But on the evidence of 2026 to date, Acosta’s glass has to be seen to be, at worst, half-full. Next year, the liquid in it might cascade over the edge.
Acosta’s feisty, brave, slightly cheeky and ultimately futile defence against Marc Marquez at the most recent Grand Prix in Hungary saw him demoted to MotoGP’s bridesmaid once again, but, equally, elicited renewed optimism.
Once Acosta becomes Marquez’s teammate at the factory Ducati team next year – a deal that’s been done but is yet to be announced as the sport’s teams wait for their five-year contract to run the series with MotoGP promoters MSEG to become public – wins, plural, are surely coming.
“It’s a matter of trying,” Acosta said in Hungary after his 13th MotoGP podium saw him take over from American rider Colin Edwards as the man with the most visits to the rostrum without a victory in MotoGP history.
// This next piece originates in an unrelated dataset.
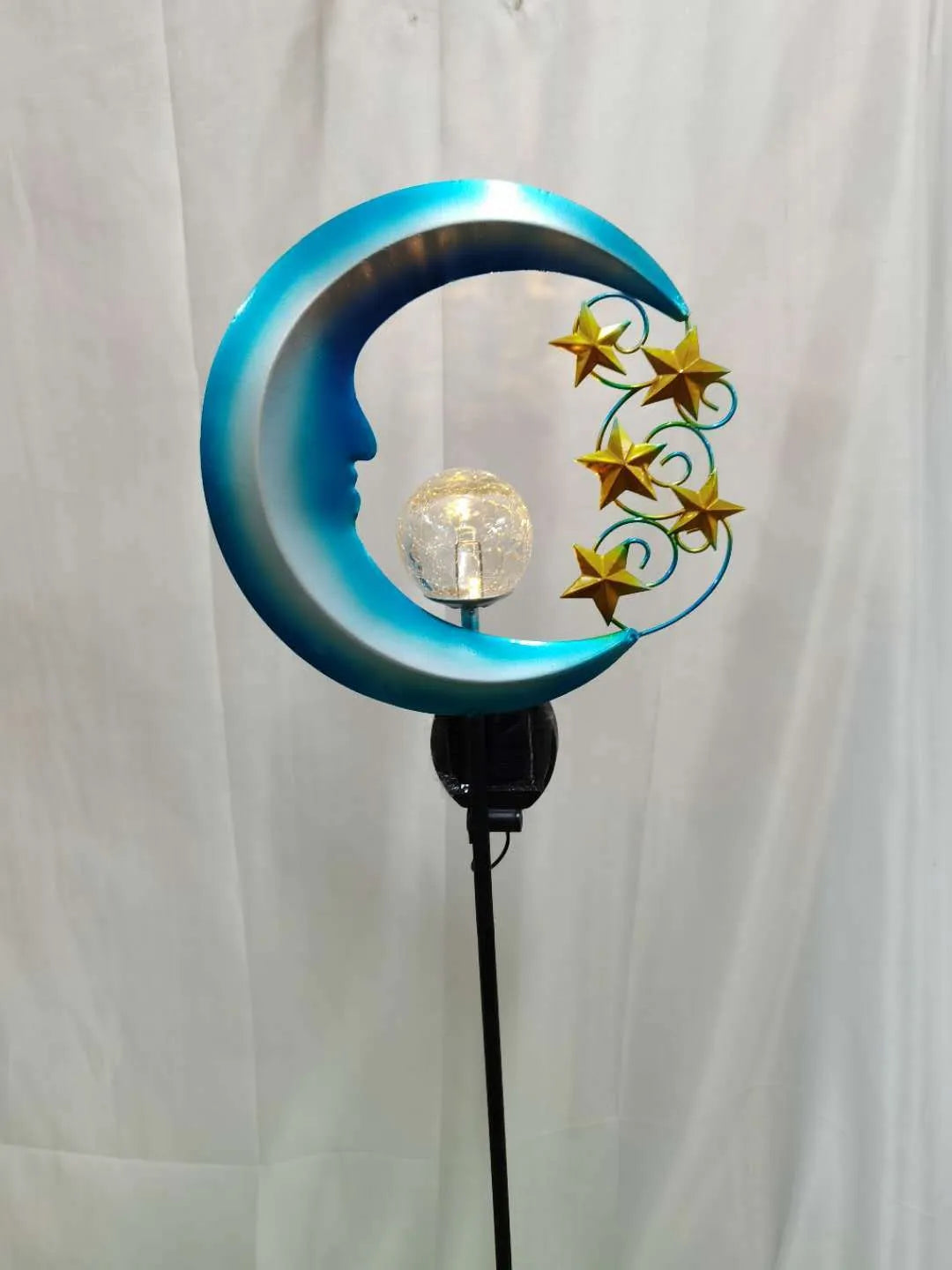Blue hollow moon-shaped solar garden light with wrought iron frame and crackled glass ball.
“Last year I was struggling a lot in qualifying; now I’m coming back and have been much more consistent. Last year, I was crashing a lot in this moment of the season. We will arrive soon … it’s a matter of keep believing.”
TAKING ON THE CHAMP
Acosta couldn’t have tried much harder to make Marquez blink in Hungary last time out. And against a reigning world champion on a superior bike at a track that accentuates Marquez’s most outsize superpower, that in itself deserves praise.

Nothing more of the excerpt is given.